Sujo, Mary and their children

Sujo, Mary and their children

The United Colors of Light

prism copy

Today is Flag Day.  Instead of seeing the colors of Old Glory waving proudly, on this Flag Day, most flags are flying at half-staff due to the events at an Orlando nightclub Saturday night when a lone terrorist used a gun to kill 49 innocent people and injured more than 50 others before being shot by police. It was the worst terrorist attack on our soil since September 11, 2001.

Fort Hood. Boston. Chattanooga. San Bernardino.  Orlando. Will it ever be time to take Islamic extremists at their word when they say “crazy” things like “Death to America!”?  Or when they promise us after every attack in Europe that they’re coming here to do the same?  When they tell us they are and will continue to infiltrate themselves into the populations of oppressed refugees that legitimately fear for their lives in their homelands?  Why do those who think they know better than us always brush these hate-filled words under the carpet, then whine about needing more gun laws to prevent such tragedies?  As if more laws (instead of enforcing the ones we already have) were the answer.  It wouldn’t have kept the Orlando terrorist from doing what he did.

Some people are even trying to blame Christians for the attack due to The Pulse nightclub being a gay bar. A nut from the ACLU claimed that all of the bills in various states coming out in recent months to protect Christian businesses from lawsuits when they don’t want to participate in same-sex “weddings” are to blame for ratcheting up the hatred against homosexuals.

It’s not about guns…or wedding cakes…it’s not even about being gay (though in this particular incident, that’s the likely motivation for picking this target).  It’s about those who hate our way of life so much, they want it to disappear.

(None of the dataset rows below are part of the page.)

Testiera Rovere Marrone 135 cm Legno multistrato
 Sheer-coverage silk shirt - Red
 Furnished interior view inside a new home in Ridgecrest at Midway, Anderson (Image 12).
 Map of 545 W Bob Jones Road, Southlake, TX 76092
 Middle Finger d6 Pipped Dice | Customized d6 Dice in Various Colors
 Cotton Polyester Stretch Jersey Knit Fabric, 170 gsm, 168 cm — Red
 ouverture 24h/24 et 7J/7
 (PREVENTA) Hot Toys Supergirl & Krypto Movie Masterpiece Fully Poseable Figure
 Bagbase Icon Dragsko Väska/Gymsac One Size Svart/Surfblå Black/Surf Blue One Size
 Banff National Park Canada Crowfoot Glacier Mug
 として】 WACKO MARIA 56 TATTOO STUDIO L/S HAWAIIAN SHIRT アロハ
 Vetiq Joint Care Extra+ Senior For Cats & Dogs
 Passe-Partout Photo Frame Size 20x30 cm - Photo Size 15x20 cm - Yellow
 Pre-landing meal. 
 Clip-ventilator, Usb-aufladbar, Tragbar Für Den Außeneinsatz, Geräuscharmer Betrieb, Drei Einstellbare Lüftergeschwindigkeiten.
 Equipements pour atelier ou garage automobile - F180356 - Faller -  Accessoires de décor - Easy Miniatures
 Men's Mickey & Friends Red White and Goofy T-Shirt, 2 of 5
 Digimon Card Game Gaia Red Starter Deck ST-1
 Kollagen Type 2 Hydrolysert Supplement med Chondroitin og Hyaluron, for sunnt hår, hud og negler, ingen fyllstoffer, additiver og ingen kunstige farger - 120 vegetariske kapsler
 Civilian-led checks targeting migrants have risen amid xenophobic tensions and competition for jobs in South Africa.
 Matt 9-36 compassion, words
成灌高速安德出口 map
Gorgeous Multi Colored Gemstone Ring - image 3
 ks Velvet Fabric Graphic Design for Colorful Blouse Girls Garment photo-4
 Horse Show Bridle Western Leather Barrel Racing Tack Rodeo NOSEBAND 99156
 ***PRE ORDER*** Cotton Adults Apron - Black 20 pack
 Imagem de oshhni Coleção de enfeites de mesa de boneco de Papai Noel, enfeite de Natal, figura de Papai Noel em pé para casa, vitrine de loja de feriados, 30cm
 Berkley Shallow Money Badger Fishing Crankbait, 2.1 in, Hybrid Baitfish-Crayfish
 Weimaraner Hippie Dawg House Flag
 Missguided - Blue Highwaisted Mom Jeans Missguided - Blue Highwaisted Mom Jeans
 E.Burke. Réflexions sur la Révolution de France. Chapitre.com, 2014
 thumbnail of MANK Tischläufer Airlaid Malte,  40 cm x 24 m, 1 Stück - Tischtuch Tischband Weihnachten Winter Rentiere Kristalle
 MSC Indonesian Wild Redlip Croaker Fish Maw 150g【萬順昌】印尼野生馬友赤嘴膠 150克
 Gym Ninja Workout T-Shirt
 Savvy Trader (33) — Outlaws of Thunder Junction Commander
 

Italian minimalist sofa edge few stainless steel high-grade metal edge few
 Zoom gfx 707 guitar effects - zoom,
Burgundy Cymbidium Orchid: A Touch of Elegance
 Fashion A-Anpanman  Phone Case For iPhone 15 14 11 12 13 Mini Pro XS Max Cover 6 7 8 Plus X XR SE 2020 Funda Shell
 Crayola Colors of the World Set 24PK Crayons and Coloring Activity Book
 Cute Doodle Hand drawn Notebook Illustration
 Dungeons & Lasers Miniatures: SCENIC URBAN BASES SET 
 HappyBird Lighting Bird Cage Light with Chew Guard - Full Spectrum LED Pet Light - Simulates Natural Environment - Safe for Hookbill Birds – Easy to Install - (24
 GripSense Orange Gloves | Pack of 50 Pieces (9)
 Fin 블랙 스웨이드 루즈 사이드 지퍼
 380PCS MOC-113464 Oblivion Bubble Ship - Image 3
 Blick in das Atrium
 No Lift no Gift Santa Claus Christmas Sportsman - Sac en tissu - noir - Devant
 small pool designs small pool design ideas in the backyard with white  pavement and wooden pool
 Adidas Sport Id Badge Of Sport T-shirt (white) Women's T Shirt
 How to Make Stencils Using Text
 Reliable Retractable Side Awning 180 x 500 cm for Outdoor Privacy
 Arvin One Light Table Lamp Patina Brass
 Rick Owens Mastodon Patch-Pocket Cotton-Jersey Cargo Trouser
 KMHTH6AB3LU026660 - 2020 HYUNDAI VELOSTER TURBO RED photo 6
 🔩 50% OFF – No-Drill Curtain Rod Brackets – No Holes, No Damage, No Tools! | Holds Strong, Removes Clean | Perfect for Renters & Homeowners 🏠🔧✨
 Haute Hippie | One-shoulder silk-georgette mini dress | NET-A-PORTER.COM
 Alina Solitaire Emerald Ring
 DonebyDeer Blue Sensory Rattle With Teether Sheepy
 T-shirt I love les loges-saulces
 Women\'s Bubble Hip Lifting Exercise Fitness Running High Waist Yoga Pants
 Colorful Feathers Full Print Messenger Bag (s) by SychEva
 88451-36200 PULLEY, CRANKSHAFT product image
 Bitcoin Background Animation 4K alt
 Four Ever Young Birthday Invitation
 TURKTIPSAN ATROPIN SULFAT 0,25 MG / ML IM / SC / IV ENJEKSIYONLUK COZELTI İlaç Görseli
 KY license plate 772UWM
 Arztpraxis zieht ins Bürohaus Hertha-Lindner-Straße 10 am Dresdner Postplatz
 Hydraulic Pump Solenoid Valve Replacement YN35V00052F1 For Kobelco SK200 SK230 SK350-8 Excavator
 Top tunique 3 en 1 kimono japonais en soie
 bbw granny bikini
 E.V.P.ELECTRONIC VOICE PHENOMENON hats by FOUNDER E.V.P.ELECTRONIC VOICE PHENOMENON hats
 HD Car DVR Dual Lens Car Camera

The Elephant in the Room is this:  evil exists and it seeks to destroy.  Just because you refuse to acknowledge it as such doesn’t make it go away. All Westerners– whether here in the US, in Canada, Europe or wherever—have a real enemy in political Islam and those who practice it.  It doesn’t matter if you are a Christian, Jew or a Muslim who isn’t the right kind of Muslim.  It doesn’t matter if you’re gay, straight or what color skin you have.  It is about radical Islam, though you’ll never hear the president use that phrase.  We may not be at war with them, but they sure as heck are at war with us. .  All you have to do is take them at their word.

Here’s an example. In April of this year, WFTV 9 in Orlando broke a story about an Islamic imam who was coming to speak at the local mosque. A little investigation into this imam found that he had some pretty radical beliefs and was caught on tape back in 2013 expressing those views.  That imam, Sheikh Farrokh Sekaleshfar, is on tape saying how he would deal with homosexuals:  “Death is the sentence. We know there’s nothing to be embarrassed about this, death is the sentence…We have to have that compassion for people, with homosexuals, it’s the same, out of compassion, let’s get rid of them now.”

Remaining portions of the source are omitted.